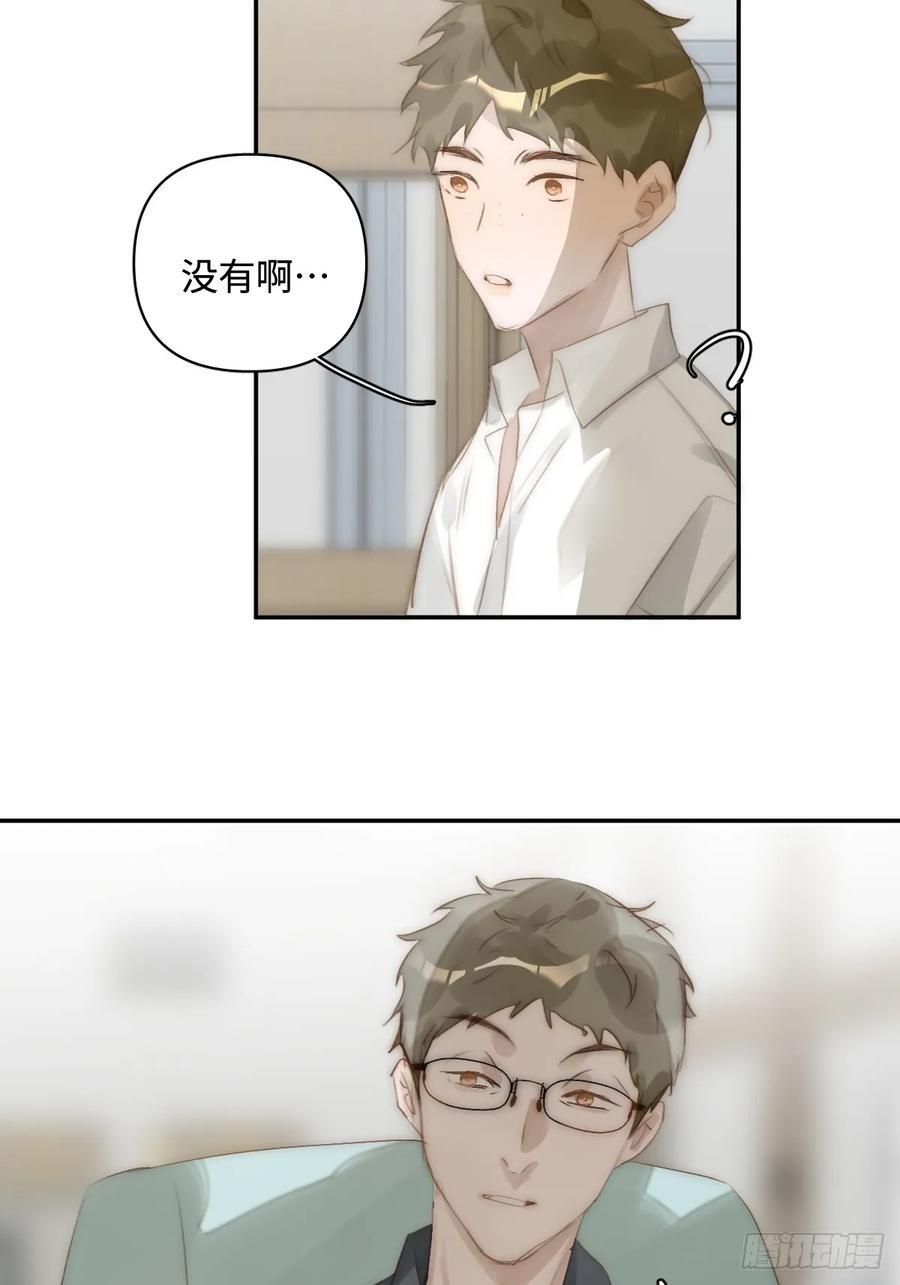 第99话 你还记得她吗？17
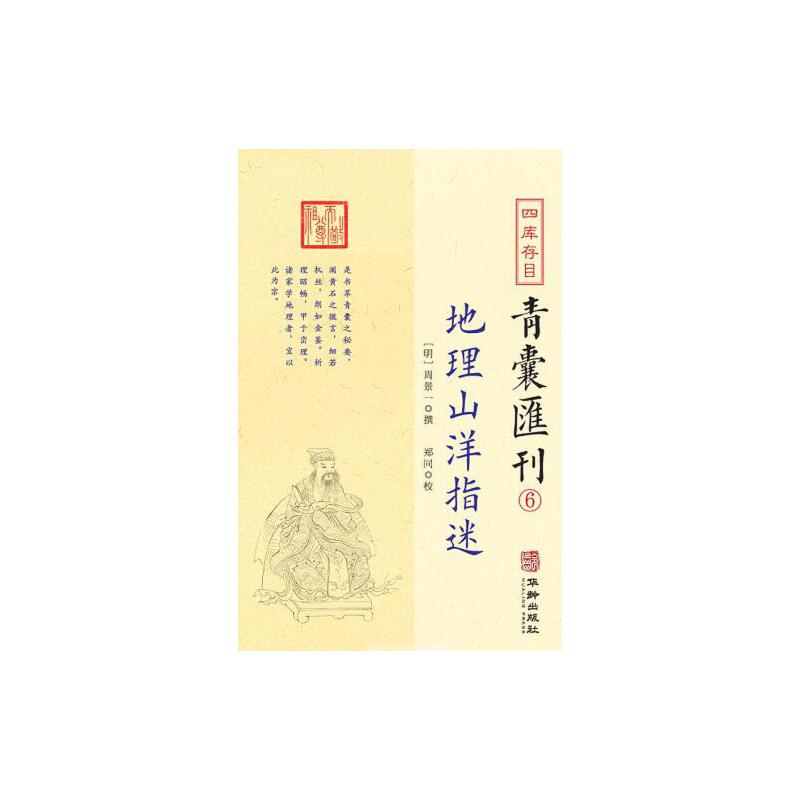 四库存目青囊匯刊⑥地理山洋指迷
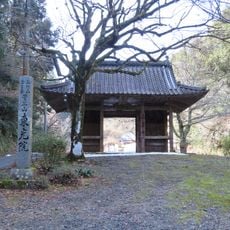 Tōkōin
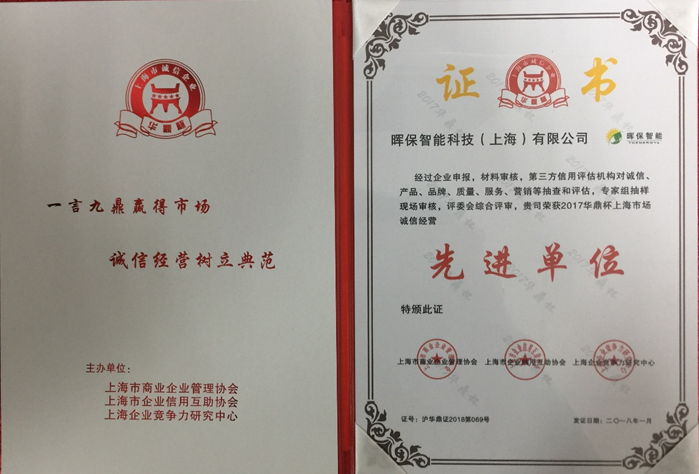 暉保智能榮獲上海市誠信經(jīng)營先進(jìn)單位榮譽(yù)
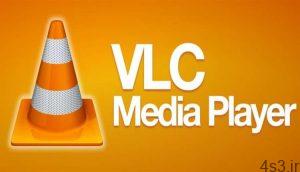 با 11 ترفند کاربردی پلیر VLC آشنا شوید سایت 4s3.ir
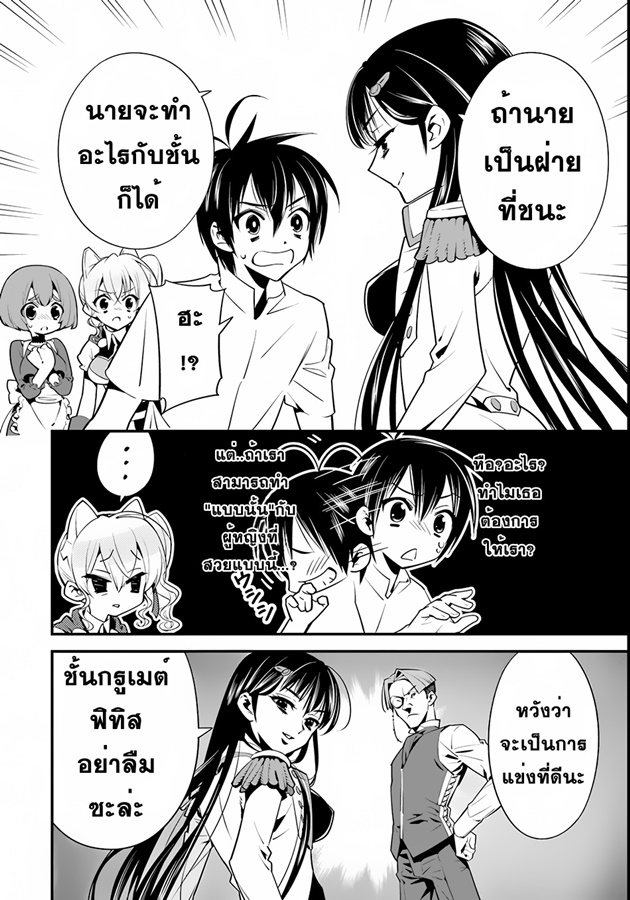 Isekai desu ga Mamono Saibai shiteimasu. 4-เริ่มการแข่งทำอาหาร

···

**WHAT YOU HAVE TO DO**
Exact repetition of the data is needed, with no images retained.

**THE COMPLETED TASK**
 第99话 你还记得她吗？17
 四库存目青囊匯刊⑥地理山洋指迷
 Tōkōin
 暉保智能榮獲上海市誠信經(jīng)營先進(jìn)單位榮譽(yù)
 با 11 ترفند کاربردی پلیر VLC آشنا شوید سایت 4s3.ir
 Isekai desu ga Mamono Saibai shiteimasu. 4-เริ่มการแข่งทำอาหาร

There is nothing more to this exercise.